# Indian Army in Kashmir fighting people shouting ‘go back Indian dogs’ slogan



## Areesh

> Anantnag (Jammu and Kashmir), July 12: "*Go back Indian dogs, Go back Indian dogs... In front of our establishment people are shouting," * says Raghu G C, Engineer, Boarder Road Organisation who was a month back deputed by the Indian Army to currently conflict-ridden Jammu and Kashmir.
> 
> 
> The saffron party (BJP) that stepped into the legislative assembly seems forgotten the long history of people-army conflict in the region. Or thought of found a way of dealing the problem to make separatists declare "we are integral part of India." As assembly elections in the valley signalled the 'Modi wave'.
> 
> 
> *Two houses of Kashmiri Pundits have been torched. And this is after eight years. In no clashes this was happened after 2008. *The encounter of Hizbul Mujahideen commander, Burhan Wani who is social media savvy and poster boy of Kashmir broke this brief eight years of history.
> 
> 
> *After 36 hours, BSNL network is functioning in the valley.* After the government found there was no let-up in the spiralling of the violence, mobile services were stopped. However after 36 hours of the stoppage BSNL is operating for communication.
> 
> The OneIndia spoke to a BSLN user, Raghu and Engineer working for Indian Army, to put out the perceptive of army man before the readers outside Jammu and Kashmir. From past 36 hours he remained out of touch with his family. "*People are staging demonstration infront of our army quarters,*" said Raghu who is seeing this phenomenan with his new eye as he started working in the state recently.
> 
> Raghu, whose residing establishment is just 4 KMs away from popular Jawaharlal tunnel; wondered why Kashmiri people are shouting a slogan * 'go back Indian dogs'* and treating Indian army men as foreigners. He ironically laughed before making a statement* "protesters consider Indian army as outsiders and not one among them."*
> 
> 
> Raghu further speaking said Wani was killed at Bumdoora village of Kokernag which is also close to his resting base. "It is said that while Wani was returning from a mosque offering prayers he was killed. His visit to the mosque was the information gathered by Intelligence Bureau, is what believed among the mass here," Raghu added.
> 
> 
> Brother of Wani too was killed in a same manner by the army while Wani was 15 and this led him to join Hizbul Mujahideen. When asked has army was not meticulous in dealing with Wani's case and caused violence, Raghu opined "you talk about civilians killed by the paramilitary but why there is no debate on duty men killed by separatists?" Raghu questioned.



http://www.oneindia.com/india/india...ple-shouting-go-back-indian-dogs-2150481.html

Reactions: Like Like:
6


----------



## dray

No matter how much these guys shout, they are not getting their 'mini Islamic Khilafat' in Kashmir.

Reactions: Like Like:
8


----------



## haviZsultan

I hope Kashmiris gain their freedom along with all others who want it.

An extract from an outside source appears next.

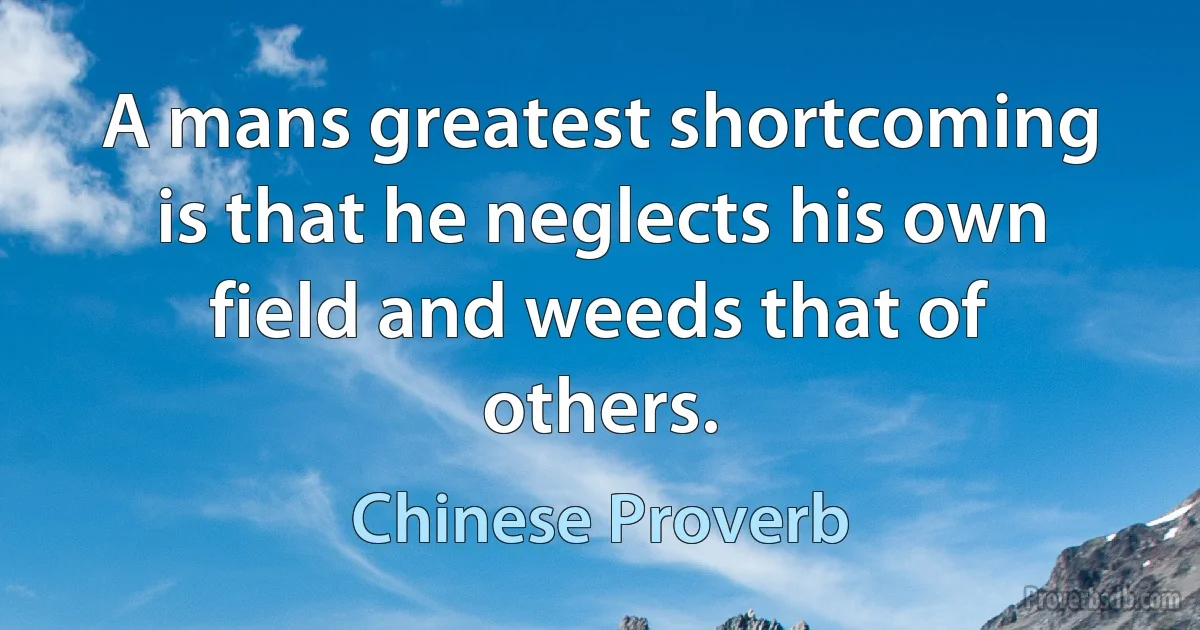 A mans greatest shortcoming is that he neglects his own field and weeds that of others. (Chinese Proverb)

The Azad Kashmiris, I have witnessed stand strongly beside Pakistan while the majority of those in IOK stand for independence. 60+ years could not bring them over to the indian cause. This should be considered a major failure by India.

Reactions: Like Like:
15


----------



## Sipahi

haviZsultan said:


> I hope Kashmiris gain their freedom along with all others who want it. The Azad Kashmiris, I have witnessed stand strongly beside Pakistan while the majority of those in IOK stand for independence. 60+ years could not bring them over to the indian cause. This should be considered a major failure by India.



They are failed brutally even kids through stone on their army.


----------



## haviZsultan

Sipahi said:


> They are failed brutally even kids through stone on their army.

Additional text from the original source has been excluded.